Three elected representatives were welcomed to speak at this year’s HOD. We were addressed by California Assembly member Kevin Mullin. He spoke of the importance of ODs in our state and our increasing responsibilities to improve patient access to care. We were then addressed by Assembly member Phil Ting and, later in the day, Assembly member David Chiu. He spoke of healthcare practitioner shortage and how we must expand access to care.  He stressed that our wonderful profession provides home-grown practitioners with cultural competency to best serve Californians.

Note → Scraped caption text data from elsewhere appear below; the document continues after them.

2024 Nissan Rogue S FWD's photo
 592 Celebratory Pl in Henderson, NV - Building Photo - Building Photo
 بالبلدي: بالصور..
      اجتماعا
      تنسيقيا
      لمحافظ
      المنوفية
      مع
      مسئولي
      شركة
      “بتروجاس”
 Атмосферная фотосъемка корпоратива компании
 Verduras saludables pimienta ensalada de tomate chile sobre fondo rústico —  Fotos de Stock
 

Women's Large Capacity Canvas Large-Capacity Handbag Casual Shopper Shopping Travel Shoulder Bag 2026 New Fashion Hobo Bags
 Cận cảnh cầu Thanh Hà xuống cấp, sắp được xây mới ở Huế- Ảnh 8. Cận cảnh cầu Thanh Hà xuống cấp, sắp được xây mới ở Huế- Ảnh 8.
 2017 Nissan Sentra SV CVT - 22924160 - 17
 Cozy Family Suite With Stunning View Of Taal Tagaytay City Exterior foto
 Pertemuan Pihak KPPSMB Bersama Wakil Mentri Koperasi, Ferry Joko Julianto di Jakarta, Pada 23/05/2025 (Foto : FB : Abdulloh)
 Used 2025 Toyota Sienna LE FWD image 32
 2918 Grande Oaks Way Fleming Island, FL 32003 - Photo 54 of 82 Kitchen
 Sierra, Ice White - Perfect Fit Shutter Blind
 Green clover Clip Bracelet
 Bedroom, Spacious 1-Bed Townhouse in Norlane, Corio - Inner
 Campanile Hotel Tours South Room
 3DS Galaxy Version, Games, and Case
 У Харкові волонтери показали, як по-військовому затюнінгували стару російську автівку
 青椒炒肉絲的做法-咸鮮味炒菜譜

We were also addressed by Barbara Horn, O.D., AOA president-elect, who gave a relevant talk about AOA’s recent successes. She spoke of their progress in protecting us from adversaries who want to force optometrists to keep on file signed contracts for each patient as proof that we offered CL Rx’s at each visit. Studies show an average of $18K per office would be spent to implement this onerous mandate.  Dr. Horn then stressed the success of AOA’s “Think About Your Eyes” national advertising campaign which every COA member now has. Dr. Horn stated that “Think About Your Eyes” raises public awareness, having generated 2.3 million web portal visits and almost 4 million eye examinations since its inception. She also invited us to attend the AOA Congress this June 19-23rd, to take place in St Louis.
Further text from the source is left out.